No mesmo ano, da edição da Lei n. 7.369/85, em 26 de dezembro, ela foi regulamentada pelo Decreto nº 92.212. Entretanto, menos de um ano depois, a lei ganhou nova regulamentação com a edição do Decreto 93.412, de 14 de outubro de 1986, que revogou o anterior, tendo como diferença fundamental entre esses dois instrumentos regulamentadores, a proporcionalidade e a exigência de perícia.
O Decreto n. 93.412/86 regulamentou a Lei n. 7.369/85, onde se estatuiu salário adicional para empregados do setor de energia elétrica, em condições de periculosidade, na média de 30% sobre o conjunto de parcelas de natureza salarial, conforme atual Orientação Jurisprudencial da SDI-I do TST n. 279.

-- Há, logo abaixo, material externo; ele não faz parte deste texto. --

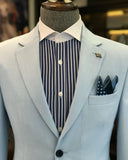 Men Blazer Jackets - Italian Style Men Slim Fit Mono Collars Cotton Blended Men's Jacket - Blue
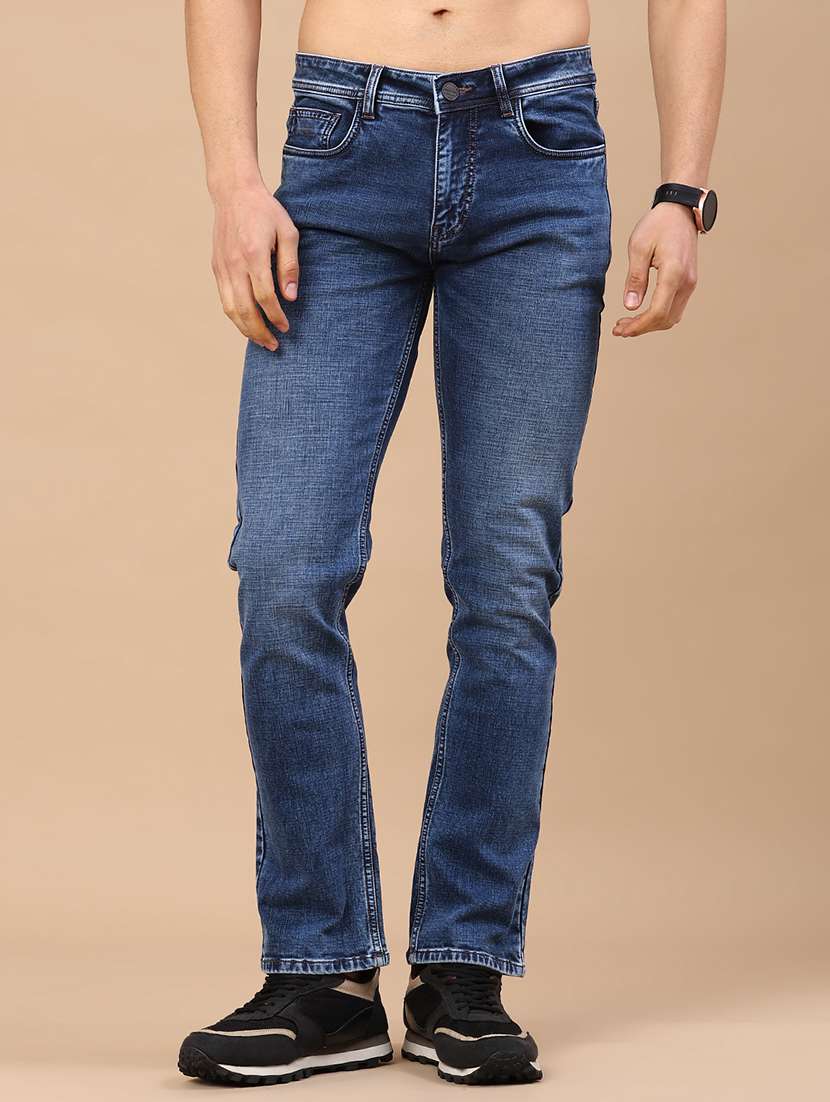 men washed mid rise full length slim fit jeans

A legislação apontada garantiu o direito ao adicional de 30%, para “o empregado que exerce atividade no setor de energia elétrica...” (art. 1º da Lei 7.369/85), sendo que posteriormente, o Decreto 93.412/86, ao regulamentar esta matéria, em seu anexo (quadro de atividades) limitou tal adicional aos empregados que exercem atividades no chamado “sistema elétrico de potência”, bem como jurisprudência laboral e decisões do Tribunal Superior do Trabalho.
Deve-se lembrar que o princípio da primazia da realidade, da verdade real, determina que não é o nome do cargo ou da categoria que garante direitos ao empregado, mas sim as atividades por ele realizadas. No caso do leiturista, este não entra em contato com sistema elétrico de potência, como poderia então a justiça laboral conceder tal direito a quem não faz jus, posto que tal medida seria uma afronta à concretização da verdadeira justiça.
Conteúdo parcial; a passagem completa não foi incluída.